President Robert Mugabe joined thousands of Zimbabweans mourning the wife of the prime minister Tuesday, wishing his rival-turned-coalition partner strength for the nation-building work ahead.

Mugabe addressed about 1,000 government and political leaders and diplomats at the Harare Methodist church, including Prime Minister Morgan Tsvangirai and his children.

The body of Susan Tsvangirai, who was killed in a car crash Friday, rested in a closed, flower-draped coffin.

Later, some 15,000 Zimbabweans sang hymns at the Harare fair grounds. Tsvangirai, who turned 57 on Tuesday, addressed the crowd briefly, saying: "Let's celebrate her existence as God's gift to me and you."

'Sincerely saddened'
Mugabe said the wives of politicians play important supporting roles, noting Susan Tsvangirai was by her husband's side when Mugabe administered the prime minister's oath Feb. 11.

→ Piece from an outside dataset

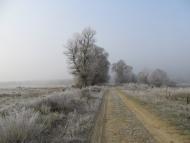 Боброве з panoramio.com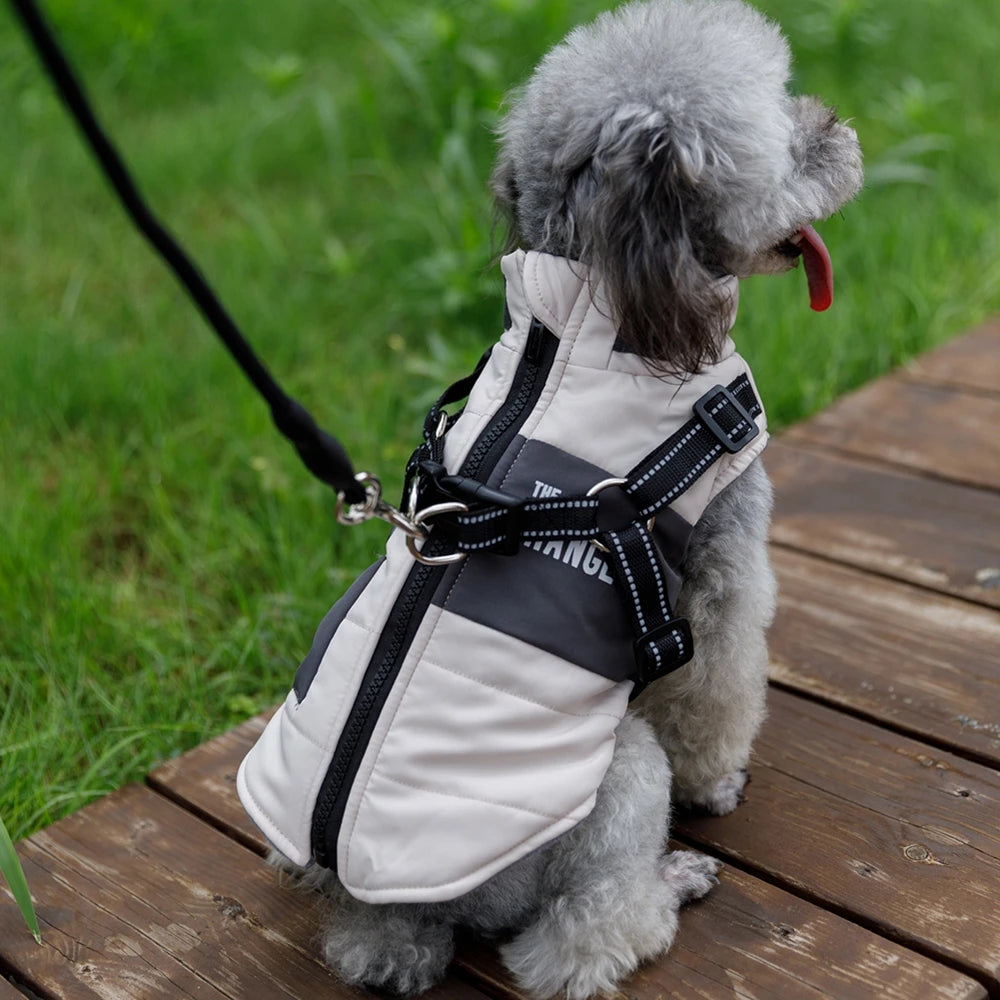 VINTERJACKA FÖR HUND MED SELE – VARMA OCH VATTENTÄT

"We are sincerely saddened by the death of Susan and we hope that Morgan will remain strong," Mugabe said at the church. He added that the new coalition government had just begun efforts to rebuild a country beset by political and economic crises.

Mugabe agreed to share power with Tsvangirai under pressure from the leaders of neighboring countries after a year of political violence and deadlock following a presidential election in which Tsvangirai won the most votes. Tsvangirai pulled out of a run-off because of state-sponsored attacks on his supporters, and Mugabe claimed victory despite widespread criticism that the second round was neither free nor fair.

Zimbabwe's long history of political violence blamed on Mugabe's forces fueled speculation that Friday's crash was not an accident. Tsvangirai, who was injured in the crash, tried to quell the rumors Monday, telling mourners there was "no foul play" in the crash.

Susan Tsvangirai's father, who addressed mourners at the church on behalf of the family, spoke of sitting down with his son-in-law recently to discuss how power-sharing would work. Emanuel Mhundwa said he had hoped to see his daughter help the prime minister "bring peace and stability to the country."

Thousands pay their respects
Hazel Makumbo, a 22-year-old Harare resident who joined the crowd outside the church Tuesday, said she wanted to pay respects to a woman who "was helping Morgan in trying to bring democracy and good things to Zimbabwe."

In recent days, thousands of Zimbabweans have paid their respects at the Tsvangirai home in the capital.

The outpouring of sympathy is evidence of support for Tsvangirai, but also a release for emotions that have been building during months of economic collapse and political unrest that has seen hundreds of activists jailed, tortured and killed.

Zimbabwe's unity government faces the world's highest official inflation rate, a hunger crisis that has left most of its people dependent on foreign handouts and a cholera epidemic blamed on the collapse of a once-enviable health and sanitation system.

The United Nations said Monday that the number of cholera deaths had topped 4,000, with more than 89,000 cases.